VLAN 0

We’ve all heard of 802.1Q or for simplicity Dot1q and the range of 0 to 4095, but have you seen traffic tagged with VLAN ID 0? We’re here to talk about VLAN 0, Wireshark and traffic capturing when it comes to Citrix NetScaler.

DOT1Q

Dot1q adds a 32-bit field between the source MAC address and the EtherType fields of the original frame. Due to some tag identifier paddings, we’re left with 12 bits for VLAN ID. The values of 0 and 4095 (0x000 and 0xFFF in hexadecimal) are reserved. All other values from 1 to 4094 may be used as VLAN identifiers.

There could be a VLAN ID 0 traffic indicating that the packet does not carry a VLAN ID, but only priority tags (PCP and DEI fields called Class of Service tags), which are part of the whole 802.1Q tag. This could be a valid situation and the receiving device should treat such packet as it’s untagged, regardless of the port’s config – access or trunk with native VLAN.

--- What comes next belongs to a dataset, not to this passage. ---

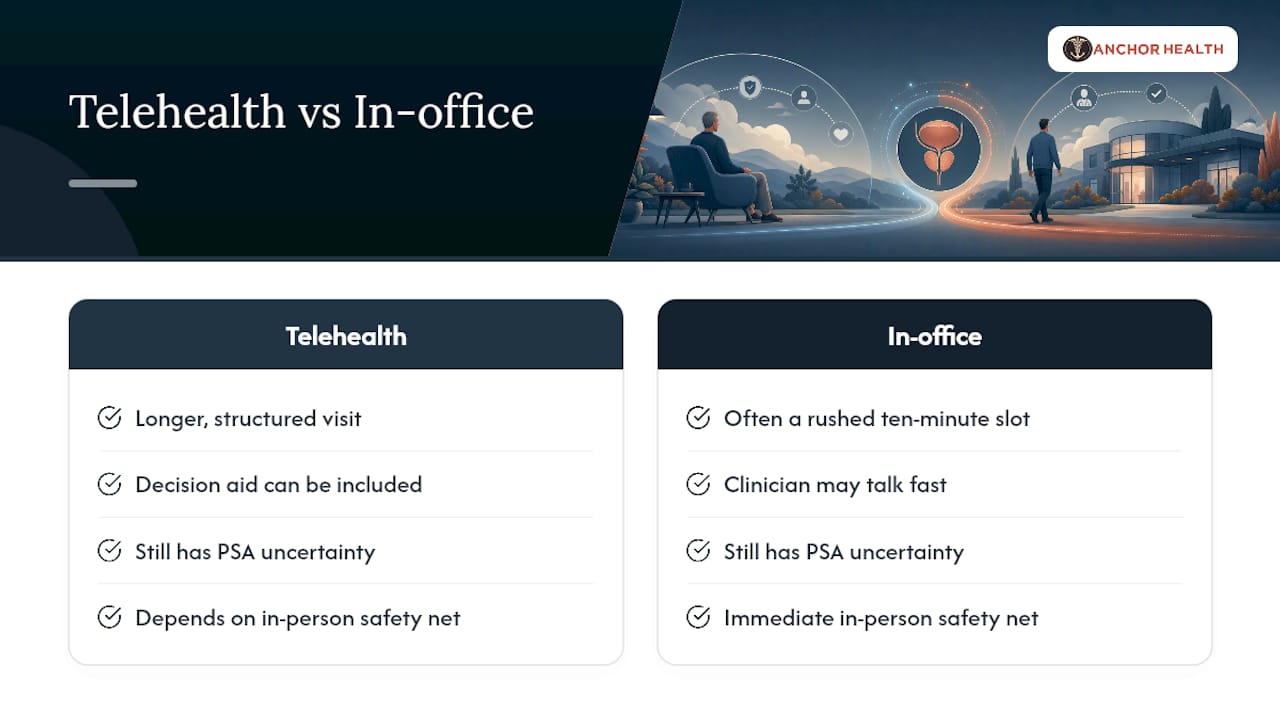 Why Telehealth Changes the Screening Conversation More Than the Test Itself — overview diagram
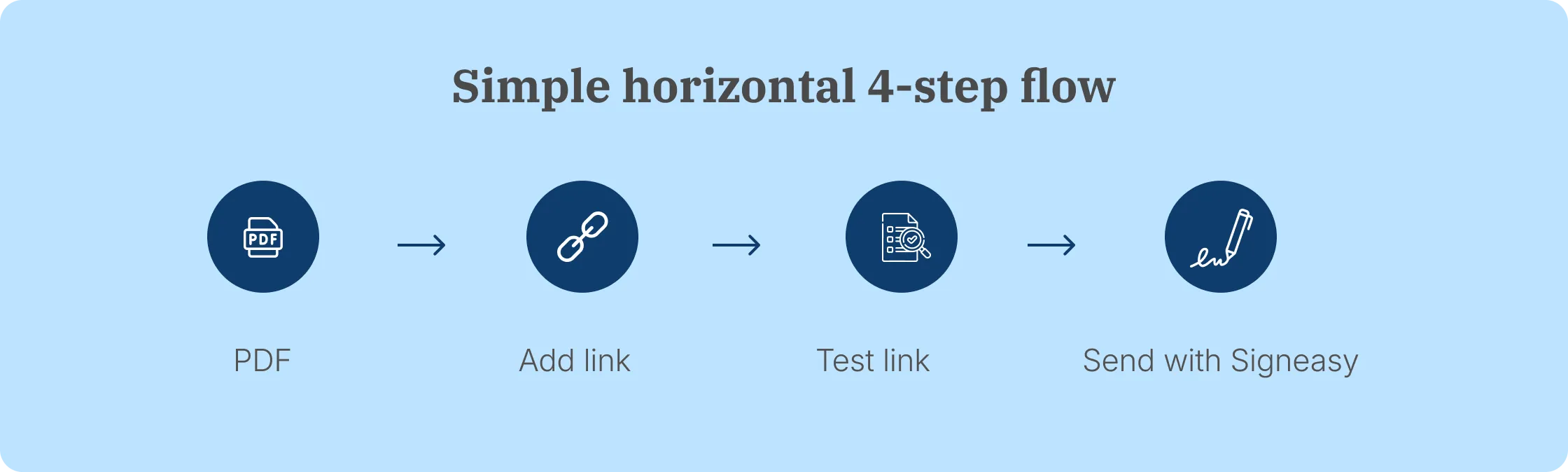 PDF hyperlink workflow from adding a link to sending with Signeasy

Diagram Image By Bill Stafford - Own work, CC BY-SA 3.0, Link

Image

VLAN 0

Take unfiltered trace on the NetScaler appliance. Filter your NetScaler trace in Wireshark by VLAN 0. The obvious qustion how does the NetScaler make use of VLAN 0?

nstrace.vlan == 0

I highly recommend adding at least the following additional columns to your Wireshark for troubleshooting purposes.

  • TIME
  • TCP DELTA
  • TCP STREAM
  • 802.1Q VLAN id

Shown on the picture below:

Image

Filtering or not the trace, you’ll notice almost all traffic in VLAN 0 is sourced from 127.0.0.1 to 127.0.0.2. RSL, Syslog, etc. Here and there you can see the MGMT IP (10.33.33.50 on the picture below). It looks like internal bridge communication for the management from one loopback address to another. This is perfectly fine, it will not be the first device using it with such purpose.

Image

On a closer look I found IPSEC traffic with IPSEC IKE_SA_INIT originating twice from VLAN 0 & VLAN 4004 (the latter the VLAN configured on the box). Without loopback addresses this time. Looks almost as VLAN 0 traffic is duplicate of the real traffic and the IKEv2 initial exchange. Why do we have it twice? My first assumption was the CloudBridge (IPSEC) functionality isn’t exactly Client-Server traffic and for one reason or another should passthrough that internal management bridge.

Image

But if we keep examining the trace, we’ll find TLS and HTTP traffic in VLAN 0. These sessions are also duplicates of real traffic in their respective VLAN and that’s definitely Client-Server Traffic. The weird thing is that not all sessions have duplicates in VLAN 0. Why is that?

Image

Software Packet Steering

This happens when the NetScaler performs software steering from one packet engine to another. The NetScaler must have multiple data cores assigned in first place. You can check the Core handler in the trace with the below filter. For certain types of traffic, the NetScaler must perform it even when same core is the initial handler. Usually happens in Frontend - Backend TCP session handling. The Frontend TCP session and the backend TCP session to be handled by the same packet engine (CPU).

nstrace.coreid == x  

You can also trace the behavior with the following counter incrementing:

nsconmsg -s disptime=1 -d current -g rssf_tot_filters | more

This behavior has one major drawback. Wireshark’s interpretation of traffic will be wrong for TCP based sessions. All of a sudden there are TCP Retransmissions and Out-Of-Order packets. You can no longer rely on Wireshark’s labeling as "TCP Retransmission" as the TCP sessions are seen twice. That’s why you would generally exclude VLAN 0 information from the trace by including the following filter:

nstrace.vlan != 0

It’s almost the situation with traces capturing both packets buffered for transmission and transmitted packets.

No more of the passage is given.